Then, at a wedding, I bumped into the Canberra operatic repetiteur Adam Laslett. Later, over coffee, I met four brilliant young ex-Canberrans making good in the arts, more of which in future weeks, including Tim Hansen.

Tim Hansen... a Canberra actor, cabaret artist and former tutor at Canberra Youth Theatre, in New York. Photo by Helen Musa
Tim Hansen… a Canberra actor, cabaret artist and former tutor at Canberra Youth Theatre, in New York. Photo by Helen Musa
I knew him as a Canberra actor, cabaret artist and tutor at Canberra Youth Theatre who’d studied composition with Jim Cotter and Larry Sitsky, then gone to do his masters in composition and theory at New York University.

Hansen will be back here soon to rehearse for a touring show with The Song Company.

While Manhattan is very much his kinda place, so was Canberra, “full of life and arts”.

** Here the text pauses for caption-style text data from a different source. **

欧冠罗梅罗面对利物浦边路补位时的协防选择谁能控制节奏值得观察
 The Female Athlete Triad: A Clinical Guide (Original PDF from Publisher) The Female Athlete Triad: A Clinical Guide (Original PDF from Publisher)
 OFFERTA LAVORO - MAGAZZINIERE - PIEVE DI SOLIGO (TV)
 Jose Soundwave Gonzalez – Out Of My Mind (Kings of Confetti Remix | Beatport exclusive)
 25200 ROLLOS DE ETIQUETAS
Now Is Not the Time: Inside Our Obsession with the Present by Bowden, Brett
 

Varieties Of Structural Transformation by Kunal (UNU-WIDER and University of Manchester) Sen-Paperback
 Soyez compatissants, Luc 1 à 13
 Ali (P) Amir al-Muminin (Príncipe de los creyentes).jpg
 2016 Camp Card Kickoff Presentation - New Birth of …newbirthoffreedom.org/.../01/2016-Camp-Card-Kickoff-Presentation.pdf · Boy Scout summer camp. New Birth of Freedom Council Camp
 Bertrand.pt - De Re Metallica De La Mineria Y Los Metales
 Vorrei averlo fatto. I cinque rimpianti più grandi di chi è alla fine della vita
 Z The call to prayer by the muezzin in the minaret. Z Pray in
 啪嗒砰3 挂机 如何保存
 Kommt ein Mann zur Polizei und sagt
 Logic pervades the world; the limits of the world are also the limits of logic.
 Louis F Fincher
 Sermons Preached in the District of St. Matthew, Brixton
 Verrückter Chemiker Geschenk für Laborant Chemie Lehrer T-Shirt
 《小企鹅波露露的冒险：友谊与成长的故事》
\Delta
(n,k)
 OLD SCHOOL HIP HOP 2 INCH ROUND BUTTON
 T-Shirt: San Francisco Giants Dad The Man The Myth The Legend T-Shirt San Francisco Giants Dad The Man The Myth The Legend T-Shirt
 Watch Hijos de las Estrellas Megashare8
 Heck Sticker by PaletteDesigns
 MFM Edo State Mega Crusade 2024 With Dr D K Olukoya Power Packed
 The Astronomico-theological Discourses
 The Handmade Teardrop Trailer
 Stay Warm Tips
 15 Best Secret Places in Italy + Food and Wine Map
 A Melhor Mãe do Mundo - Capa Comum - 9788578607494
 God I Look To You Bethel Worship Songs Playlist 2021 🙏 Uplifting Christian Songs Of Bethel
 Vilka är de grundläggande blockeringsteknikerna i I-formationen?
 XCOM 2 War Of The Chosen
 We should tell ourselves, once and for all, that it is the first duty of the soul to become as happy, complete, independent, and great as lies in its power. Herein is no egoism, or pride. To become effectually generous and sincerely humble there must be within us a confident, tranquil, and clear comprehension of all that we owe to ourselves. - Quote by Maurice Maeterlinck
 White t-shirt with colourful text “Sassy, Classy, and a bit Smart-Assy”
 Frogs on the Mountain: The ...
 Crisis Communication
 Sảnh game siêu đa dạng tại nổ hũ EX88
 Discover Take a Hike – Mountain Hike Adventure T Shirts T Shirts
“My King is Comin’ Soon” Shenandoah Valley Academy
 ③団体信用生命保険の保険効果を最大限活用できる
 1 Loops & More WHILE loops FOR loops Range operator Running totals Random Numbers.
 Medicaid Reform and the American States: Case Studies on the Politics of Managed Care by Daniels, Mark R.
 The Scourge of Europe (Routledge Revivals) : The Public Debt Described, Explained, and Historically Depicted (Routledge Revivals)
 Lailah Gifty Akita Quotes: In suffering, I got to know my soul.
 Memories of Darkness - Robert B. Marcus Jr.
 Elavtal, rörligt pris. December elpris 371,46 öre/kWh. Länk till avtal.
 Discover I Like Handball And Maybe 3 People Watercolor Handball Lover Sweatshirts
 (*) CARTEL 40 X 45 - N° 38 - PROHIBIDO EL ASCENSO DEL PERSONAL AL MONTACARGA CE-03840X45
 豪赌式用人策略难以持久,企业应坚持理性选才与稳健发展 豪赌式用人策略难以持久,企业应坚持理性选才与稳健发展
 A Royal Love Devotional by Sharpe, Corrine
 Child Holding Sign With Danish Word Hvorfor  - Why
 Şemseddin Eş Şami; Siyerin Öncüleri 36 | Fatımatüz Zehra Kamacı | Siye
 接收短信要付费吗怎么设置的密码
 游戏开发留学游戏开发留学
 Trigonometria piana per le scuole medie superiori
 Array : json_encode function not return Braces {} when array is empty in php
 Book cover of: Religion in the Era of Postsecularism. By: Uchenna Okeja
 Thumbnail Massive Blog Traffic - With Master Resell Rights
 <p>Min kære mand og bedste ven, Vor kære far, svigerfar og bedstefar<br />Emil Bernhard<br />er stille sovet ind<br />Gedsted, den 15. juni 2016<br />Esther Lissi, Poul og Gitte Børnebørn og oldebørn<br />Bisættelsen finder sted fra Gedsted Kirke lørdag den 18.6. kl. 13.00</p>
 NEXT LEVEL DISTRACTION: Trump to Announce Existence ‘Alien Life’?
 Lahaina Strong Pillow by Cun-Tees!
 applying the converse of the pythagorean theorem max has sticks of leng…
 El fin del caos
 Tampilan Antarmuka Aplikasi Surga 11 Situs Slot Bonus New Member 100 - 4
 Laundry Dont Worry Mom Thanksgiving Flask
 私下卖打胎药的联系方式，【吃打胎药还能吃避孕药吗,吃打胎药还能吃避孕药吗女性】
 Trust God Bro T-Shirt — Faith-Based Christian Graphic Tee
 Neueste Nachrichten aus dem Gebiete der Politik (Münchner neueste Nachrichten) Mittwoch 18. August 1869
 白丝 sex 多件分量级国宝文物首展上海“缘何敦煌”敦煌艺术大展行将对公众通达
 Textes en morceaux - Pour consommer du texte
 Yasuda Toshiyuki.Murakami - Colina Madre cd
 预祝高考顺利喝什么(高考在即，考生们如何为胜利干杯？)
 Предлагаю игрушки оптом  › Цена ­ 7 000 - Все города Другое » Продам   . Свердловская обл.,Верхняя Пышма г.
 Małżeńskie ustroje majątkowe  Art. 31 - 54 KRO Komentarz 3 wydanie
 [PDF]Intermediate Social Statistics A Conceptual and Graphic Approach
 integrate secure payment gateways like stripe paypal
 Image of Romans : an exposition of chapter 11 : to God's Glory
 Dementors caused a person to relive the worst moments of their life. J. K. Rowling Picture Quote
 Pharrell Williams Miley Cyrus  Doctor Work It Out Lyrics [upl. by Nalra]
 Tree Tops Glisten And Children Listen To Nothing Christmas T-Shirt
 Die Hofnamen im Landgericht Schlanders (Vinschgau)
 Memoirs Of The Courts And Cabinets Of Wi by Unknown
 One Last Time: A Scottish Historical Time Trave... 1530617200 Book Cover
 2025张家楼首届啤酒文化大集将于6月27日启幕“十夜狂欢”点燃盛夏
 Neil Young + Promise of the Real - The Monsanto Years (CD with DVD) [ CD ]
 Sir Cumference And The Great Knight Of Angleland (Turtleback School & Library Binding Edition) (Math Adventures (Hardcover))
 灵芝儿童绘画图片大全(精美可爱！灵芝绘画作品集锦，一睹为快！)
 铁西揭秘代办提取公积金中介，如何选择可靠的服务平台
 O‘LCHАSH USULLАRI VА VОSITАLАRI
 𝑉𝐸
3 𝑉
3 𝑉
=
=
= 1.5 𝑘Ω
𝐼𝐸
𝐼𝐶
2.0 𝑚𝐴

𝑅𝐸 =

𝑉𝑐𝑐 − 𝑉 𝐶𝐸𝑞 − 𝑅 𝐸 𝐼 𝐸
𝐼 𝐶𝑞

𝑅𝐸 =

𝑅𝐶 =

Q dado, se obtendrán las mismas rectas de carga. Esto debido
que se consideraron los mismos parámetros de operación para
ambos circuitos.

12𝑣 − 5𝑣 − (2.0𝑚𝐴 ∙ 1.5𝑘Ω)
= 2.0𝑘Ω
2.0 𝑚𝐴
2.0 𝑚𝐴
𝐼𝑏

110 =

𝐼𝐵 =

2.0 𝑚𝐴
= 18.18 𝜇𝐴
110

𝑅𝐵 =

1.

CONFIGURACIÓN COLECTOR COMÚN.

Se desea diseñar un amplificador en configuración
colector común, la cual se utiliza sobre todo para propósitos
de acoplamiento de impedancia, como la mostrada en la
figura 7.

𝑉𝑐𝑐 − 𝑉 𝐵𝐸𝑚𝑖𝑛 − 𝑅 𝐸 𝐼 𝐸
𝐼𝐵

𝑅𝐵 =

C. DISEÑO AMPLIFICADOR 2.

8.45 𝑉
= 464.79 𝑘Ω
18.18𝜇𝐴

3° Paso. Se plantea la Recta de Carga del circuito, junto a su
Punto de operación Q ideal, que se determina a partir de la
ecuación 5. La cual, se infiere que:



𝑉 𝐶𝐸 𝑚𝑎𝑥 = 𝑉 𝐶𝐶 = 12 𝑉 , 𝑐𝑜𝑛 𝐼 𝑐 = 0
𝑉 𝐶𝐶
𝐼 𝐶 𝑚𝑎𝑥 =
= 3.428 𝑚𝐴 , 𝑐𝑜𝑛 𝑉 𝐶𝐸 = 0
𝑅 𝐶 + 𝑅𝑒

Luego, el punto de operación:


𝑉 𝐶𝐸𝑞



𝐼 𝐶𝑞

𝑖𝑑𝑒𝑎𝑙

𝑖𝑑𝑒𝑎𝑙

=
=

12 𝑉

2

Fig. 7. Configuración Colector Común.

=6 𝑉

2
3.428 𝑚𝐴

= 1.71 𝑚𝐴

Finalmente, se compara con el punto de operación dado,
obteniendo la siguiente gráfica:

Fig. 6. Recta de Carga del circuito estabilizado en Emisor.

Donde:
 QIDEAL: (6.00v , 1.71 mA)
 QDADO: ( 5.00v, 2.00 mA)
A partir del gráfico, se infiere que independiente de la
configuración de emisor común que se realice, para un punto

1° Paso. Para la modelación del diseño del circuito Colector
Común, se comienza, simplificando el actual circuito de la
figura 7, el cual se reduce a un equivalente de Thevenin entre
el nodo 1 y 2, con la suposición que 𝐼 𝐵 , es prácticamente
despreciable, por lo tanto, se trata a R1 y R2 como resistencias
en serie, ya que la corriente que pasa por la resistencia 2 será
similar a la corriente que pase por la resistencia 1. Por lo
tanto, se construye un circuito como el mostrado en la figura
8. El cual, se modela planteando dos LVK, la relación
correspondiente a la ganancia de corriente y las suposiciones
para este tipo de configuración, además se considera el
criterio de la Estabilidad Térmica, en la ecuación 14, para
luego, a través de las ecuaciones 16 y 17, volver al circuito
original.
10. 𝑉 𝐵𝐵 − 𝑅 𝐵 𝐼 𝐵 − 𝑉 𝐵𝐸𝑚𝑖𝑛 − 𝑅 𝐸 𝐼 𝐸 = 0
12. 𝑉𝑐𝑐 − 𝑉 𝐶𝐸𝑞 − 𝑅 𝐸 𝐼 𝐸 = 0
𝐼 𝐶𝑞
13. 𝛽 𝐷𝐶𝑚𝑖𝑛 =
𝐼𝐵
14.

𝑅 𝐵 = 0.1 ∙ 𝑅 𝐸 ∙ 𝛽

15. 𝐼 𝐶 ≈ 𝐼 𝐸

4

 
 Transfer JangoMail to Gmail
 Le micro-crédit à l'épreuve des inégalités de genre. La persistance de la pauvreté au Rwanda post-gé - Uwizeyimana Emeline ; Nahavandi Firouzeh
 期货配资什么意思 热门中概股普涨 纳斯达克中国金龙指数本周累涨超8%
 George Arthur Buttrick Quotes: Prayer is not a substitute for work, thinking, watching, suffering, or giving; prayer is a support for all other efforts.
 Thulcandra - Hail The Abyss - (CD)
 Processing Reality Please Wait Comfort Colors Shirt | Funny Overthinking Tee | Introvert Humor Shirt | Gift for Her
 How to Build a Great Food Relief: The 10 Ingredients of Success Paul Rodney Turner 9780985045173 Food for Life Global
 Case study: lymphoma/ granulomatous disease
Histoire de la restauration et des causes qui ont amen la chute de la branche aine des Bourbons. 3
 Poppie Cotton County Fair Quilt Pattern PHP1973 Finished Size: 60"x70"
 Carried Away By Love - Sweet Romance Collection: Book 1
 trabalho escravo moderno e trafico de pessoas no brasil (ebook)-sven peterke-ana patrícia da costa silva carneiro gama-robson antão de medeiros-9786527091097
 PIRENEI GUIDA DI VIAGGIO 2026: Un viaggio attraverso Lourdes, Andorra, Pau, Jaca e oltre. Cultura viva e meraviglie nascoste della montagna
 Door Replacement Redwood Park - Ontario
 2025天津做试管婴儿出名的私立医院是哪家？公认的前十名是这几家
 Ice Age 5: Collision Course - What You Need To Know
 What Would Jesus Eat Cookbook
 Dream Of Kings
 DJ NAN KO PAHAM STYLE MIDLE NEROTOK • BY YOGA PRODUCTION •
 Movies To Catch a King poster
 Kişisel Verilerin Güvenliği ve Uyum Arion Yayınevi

Originally from Orange, he did an honours degree in theatre and media at Charles Sturt University in Bathurst, then came here to study composition.

In Canberra, he has composed scores for Centrepiece Theatre’s “A Most Curious Dream” and ARTS Theatre Company’s “Telling Moments” and written a chamber opera based on Shaun Tan’s “Distant Rain”. He’s directed the Canberra Mandolin Ensemble and the jazz vocal group Rhythm Syndicate, as well as performing with Philo and in The Street Theatre’s cabaret, “Berlin”.

In New York, he’s relished his studies at NYU under mentors Michael Gordon, Julia Wolfe (from the Bang on a Can Allstars ensemble) while wilting somewhat in the “education factory” milieu of a big, expensive institution.

It’s got him thinking. “At small universities in small places, you can get involved,” he says, sighing when he thinks about cutbacks at the ANU, which he had always thought would have been a great place to work.

At ANU he had been exposed to composition Sitsky-style.

“Larry’s idea was you write something, you talk about it, you test it out, you make it happen by being immersed in it,” he says.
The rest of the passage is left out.